Cambridge University Engineering Association

They know not what they do

Request to Professor Brian Josephson

Letter to Lord Rees, Lord Martin Rees

First copy sent 5 June 2006

Second copy sent 10 July 2006

Third copy sent 5 August 2006

Fourth copy sent 13 October 2006

Fifth copy sent 29nov06

Sixth copy sent slomail Recorded Delivery with ** .... ** added on 30 April 2007

Seventh copy sent 19 June 2007, with added note

Eighth copy sent 17 December 2008

The Master, Trinity College, Cambridge.

Dear Professor Martin Rees,
I had an interesting conversation with you when I sat next to you at Trinity High Table a few months ago. We agreed that it was wonderful to have been fortunate enough to go to Trinity College.
I request that you take action on The Catt Question , an absolutely basic question in electromagnetic theory. [Note 1] The problem now centres on diametrically opposed comment by two Fellows of Trinity; both Professors at The Cavendish; Nobel Prizewinner Brian Josephson ("westerner") and Sir Michael Pepper FRS ("southerner").
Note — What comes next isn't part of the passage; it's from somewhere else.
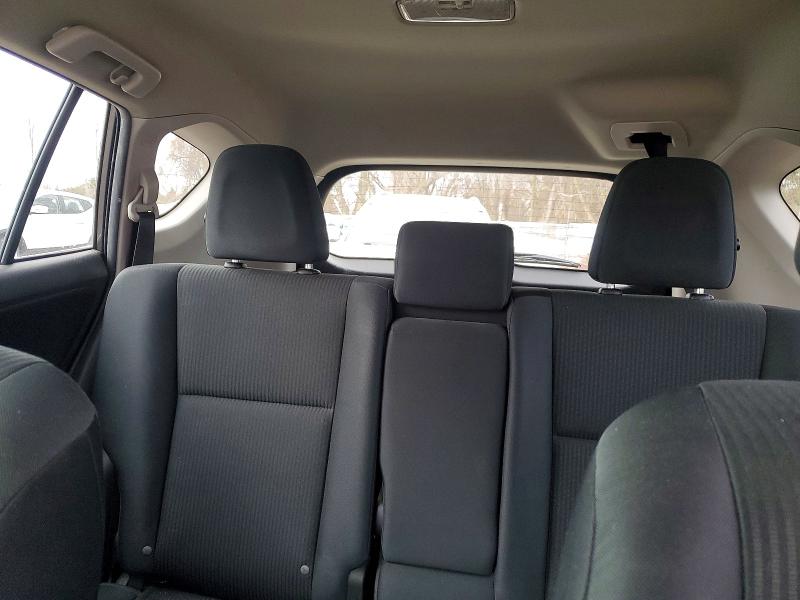Продажа на аукционе авто 2017 Toyota Rav4, vin: 2T3BFREV8HW656650, номер лота: 45518656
They represent the two conflicting answers which split academia down the middle. The matter has to be resolved, or students must be warned that this uncertainty lies at the heart of what they are being taught.
If this uncertainty remains unaddressed, we have no electromagnetic theory, only confusion... .His reply
Ivor Catt 5june06

** Added 25 April 2007. Should Cambridge Undergraduates on the relevant courses be informed that the fundamentals of electromagnetic theory are unresolved; that it is not clear where the negative charge on the bottom conductor comes from?... **

Note 1. The book on the problem is in Trinity Library. When a car battery lights the headlight, where does the negative charge come from to terminate the electric flux lines from the now +12v positive connecting wire to the now more negative wire? See animation.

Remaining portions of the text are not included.